It is easy to forget that journalists have been dealing with technological innovation since before the invention of the printing press. Today, while looking through the card catalog of old newspaper clippings with students in the University library I came upon an interesting example of one early adopter of a revolutionary, for its time, technology – the typewriter.
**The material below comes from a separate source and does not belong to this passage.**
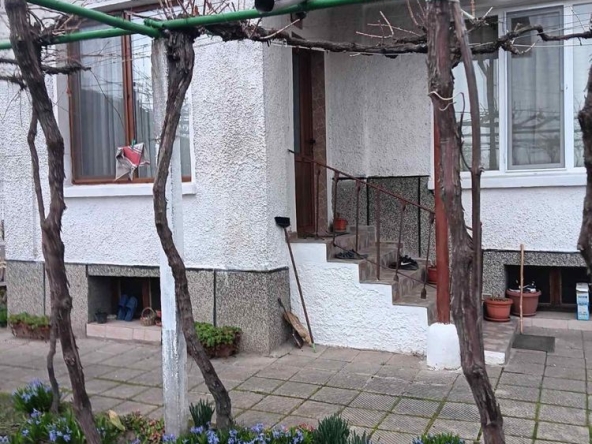 Къща в с. Цалапица, Област Пловдив - 120 кв.м за 404 €/кв.м - Снимка #1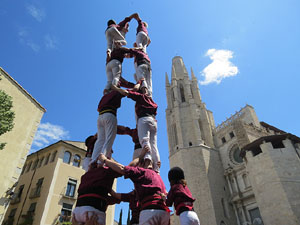 Temps de Flors 2017. Diada Castellera a la pla&ccedil;a de Sant Feliu amb els Marrecs de Salt, els Xics de Granollers, i els Xiquets de Reus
The article, found in the Ashland, Ore., Daily Tidings of 1887, was reprinted from the New York Graphic. The article tells the story of how humorist and journalism pioneer David Ross Locke commonly known by his pseudonym “Petroleum V. Nasby”, became the first editor to use a typewriter in the newsroom. Necessity, they say, is the mother of invention, but in Locke's case it may have been something else all together.
Nasby and the typewriter
The first editor in the United States to throw aside his quill or pencil for the typewriter was D. R. Locke, “Petroleum V. Nasby,” the editor and proprietor of the Toledo Blade. A dozen years ago, when The Cincinnati Gazette and Commercial, Chicago Tribune and St. Louis Globe Democrat were the only Republican journals of any note west of New York, Locke was a power in the newspaper world. The circulation of the weekly edition of the publication founded by Horace Greeley, and his “Confederate Cross Roads" letters were widely read and copied. Locke had always been a heavy drinker, but his success seemed only to spar him on to renewed efforts in the anti-prohibition line. He made it a point to get “half shot” before breakfast of a morning, be “three sheets in the wind” by dinner and wind up the evening too full for utterance. Although possessed of an iron constitution, whiskey gradually undermined his nerves, and after a time he was no longer able to hold a pen and turn out legible manuscript. He tried dictation, but his ideas did not seem to fully concentrate in the presence of a second person, and for a time he seriously contemplated reformation. While in such a plight he chance to see a typewriter of the crude style of the day, The thought came to him like a flash that he had found a way out of his dilemma he bought the instrument, and in the course of a few weeks could knock off “copy” as rapidly and far more decipherably than he could with a pen in his most gifted days.